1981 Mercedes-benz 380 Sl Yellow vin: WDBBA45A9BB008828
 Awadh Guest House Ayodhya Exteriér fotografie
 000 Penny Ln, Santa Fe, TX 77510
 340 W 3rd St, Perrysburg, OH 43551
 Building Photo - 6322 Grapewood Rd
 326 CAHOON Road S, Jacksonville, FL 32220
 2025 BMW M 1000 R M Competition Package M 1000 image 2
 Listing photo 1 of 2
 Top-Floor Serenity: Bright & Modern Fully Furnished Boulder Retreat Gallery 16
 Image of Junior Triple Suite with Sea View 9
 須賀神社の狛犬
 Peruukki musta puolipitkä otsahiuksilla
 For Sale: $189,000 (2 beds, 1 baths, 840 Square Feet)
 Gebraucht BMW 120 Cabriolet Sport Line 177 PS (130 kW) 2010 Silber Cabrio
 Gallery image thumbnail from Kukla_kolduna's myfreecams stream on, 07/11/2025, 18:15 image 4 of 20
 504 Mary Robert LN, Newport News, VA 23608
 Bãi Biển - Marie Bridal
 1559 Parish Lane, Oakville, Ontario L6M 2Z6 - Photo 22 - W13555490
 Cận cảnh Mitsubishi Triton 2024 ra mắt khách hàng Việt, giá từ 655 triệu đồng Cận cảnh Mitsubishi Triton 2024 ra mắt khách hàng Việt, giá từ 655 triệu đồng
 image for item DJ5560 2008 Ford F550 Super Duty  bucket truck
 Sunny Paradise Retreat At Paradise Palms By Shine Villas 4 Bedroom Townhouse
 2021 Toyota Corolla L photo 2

### EXERCISE INSTRUCTIONS:
Above are the entries. Quote exactly the lines from the one bearing "Building Photo - 6322 Grapewood Rd" through the one bearing "504 Mary Robert LN, Newport News, VA 23608".

### RESULT OF THIS TASK:
 Building Photo - 6322 Grapewood Rd
 326 CAHOON Road S, Jacksonville, FL 32220
 2025 BMW M 1000 R M Competition Package M 1000 image 2
 Listing photo 1 of 2
 Top-Floor Serenity: Bright & Modern Fully Furnished Boulder Retreat Gallery 16
 Image of Junior Triple Suite with Sea View 9
 須賀神社の狛犬
 Peruukki musta puolipitkä otsahiuksilla
 For Sale: $189,000 (2 beds, 1 baths, 840 Square Feet)
 Gebraucht BMW 120 Cabriolet Sport Line 177 PS (130 kW) 2010 Silber Cabrio
 Gallery image thumbnail from Kukla_kolduna's myfreecams stream on, 07/11/2025, 18:15 image 4 of 20
 504 Mary Robert LN, Newport News, VA 23608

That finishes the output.